Where Do We Belong? reviewing Homes Away from Home by Sarah Wobick-Segev2 min read
In Homes Away from Home: Jewish Belonging in Twentieth-Century Paris, Berlin, and St. Petersburg (Stanford University Press), Sarah Wobick-Segev compares the experiences of the Jewish populations of three major European cities before and immediately after World War Two. The book is especially concerned with Jewish identity and community, two topics which, despite having been the basis of scores of literature in recent decades, feel far from exhausted. No doubt lingering questions of continuity compel scholars to return to Europe before the Holocaust, as if by understanding the lives and communities that were lost, we can find and honour the connections to the present that survive.

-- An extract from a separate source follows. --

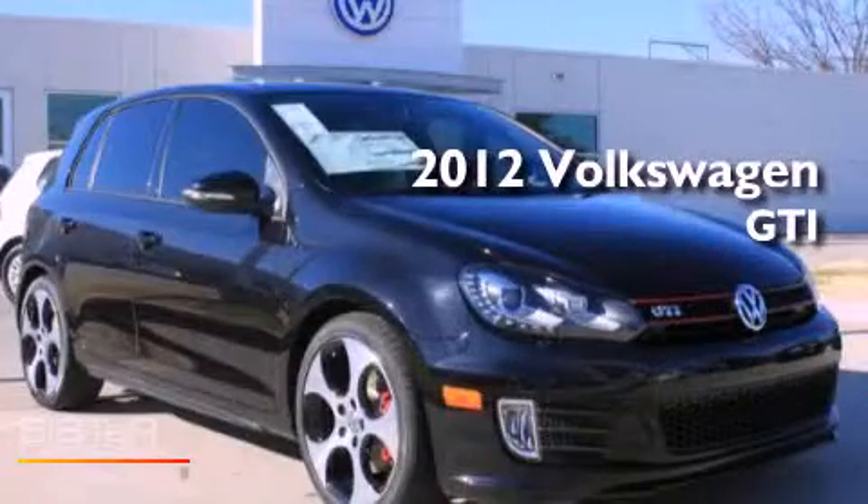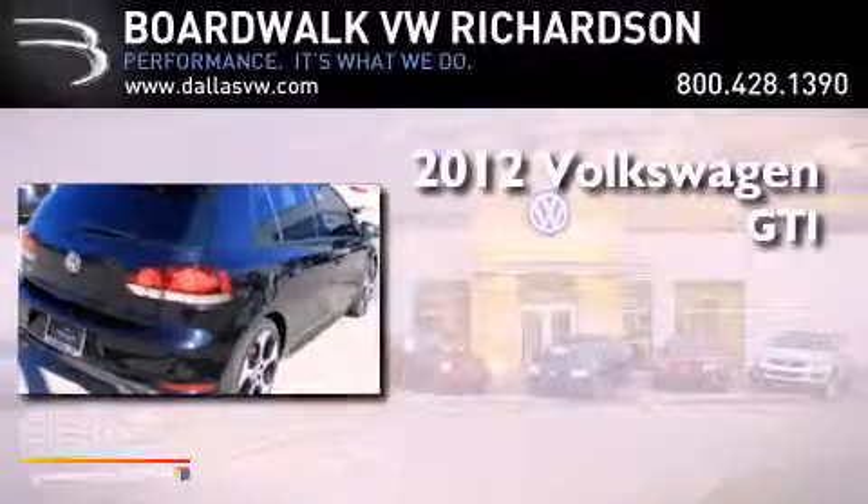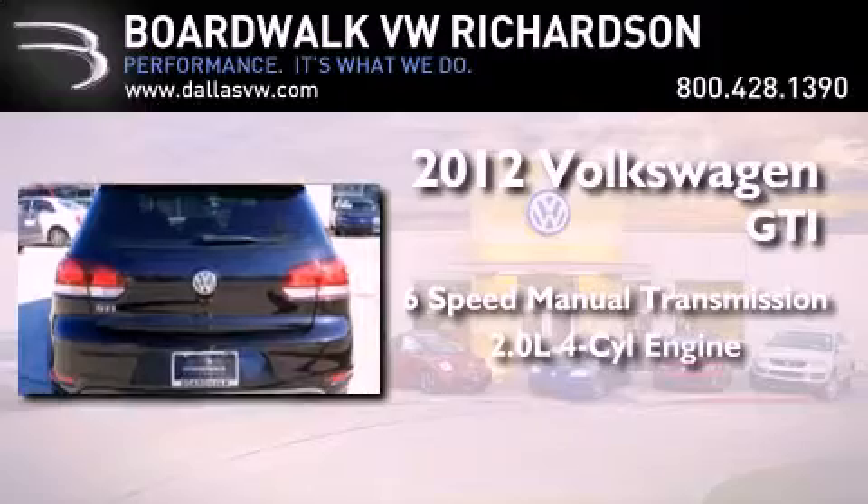This is a brand new 2012 Volkswagen GTI. This vehicle has seating for five adults and an inline four-cylinder engine.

What makes Wobick-Segev’s approach unique is her attention to space. Drawing on the theories of Heidegger, Foucault, and the historians who followed in their footsteps, Wobick-Segev investigates belonging as a question of space: Into which spaces were Jews permitted entry, and from where were they forbidden? Which spaces were holy, and where could Jewish youth go to have a good time? Who controlled these spaces, and how did people use space to assert, or rebel against, power?
Wobick-Segev addresses all of these questions, and more. Her thematic range is broad – social, economic, spiritual – and her geographic-temporal range is enormous. The wide breadth of Homes Away from Home likely does it more harm than good. By comparing three cities over the span of 100+ years (despite the book’s subtitle, a great deal of attention is paid to the events of the 19th century) Wobick-Segev floods her text with names and places which appear just once, only to be drowned out by the detail of another city, another decade. The issue is not the width of the angle, but the speed of the shutter – too fast, and a century’s gone.

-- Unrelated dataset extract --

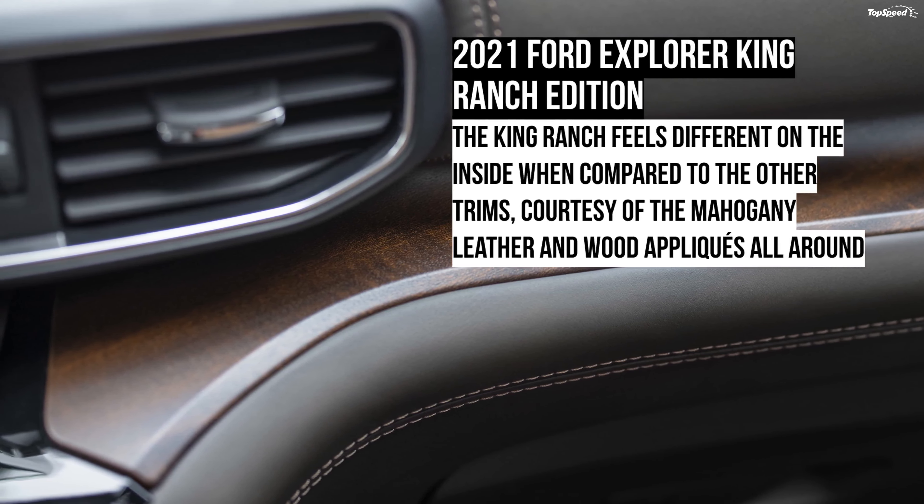Safety and drive assistance features: All 2021 Explorer trims come standard with Ford Co-Pilot 360 technology. The King Ranch trim also features Ford Co-Pilot 360 Assist Plus, which includes adaptive cruise control with stop-and-go and lane centering, evasive steering assist, voice-activated touchscreen navigation system, SiriusXM Traffic and Travel Link, and speed sign recognition.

Nonetheless, Homes Away from Home is rich in absorbing detail. Wobick-Segev sheds light on the internal conflicts that defined urban Jewish populations in Europe in the 19th and 20th centuries, conflicts that had evolved from simple questions of survival to more nuanced dilemmas: self-segregation VS integration, endogamy VS intermarriage, religious observation VS participation in secular state life. To scholars of contemporary Jewish issues (and people living contemporary Jewish lives), these issues may sound familiar, and, indeed, there is surprising comfort in knowing that, despite the irreplaceable losses of the Holocaust, many of the core philosophical struggles of European Jewry persist today in Europe, North America, and Israel.
Homes Away from Home will be of value not only to historians of space, culture, and religion, but also to those interested in the question of negotiating belonging in a world that demands multiple loyalties. As Wobick-Segev illustrates, the Jewish people of Paris, Berlin, and St. Petersburg found plenty of answers to this question – some charming, some tragic, some amusing, and some brilliant.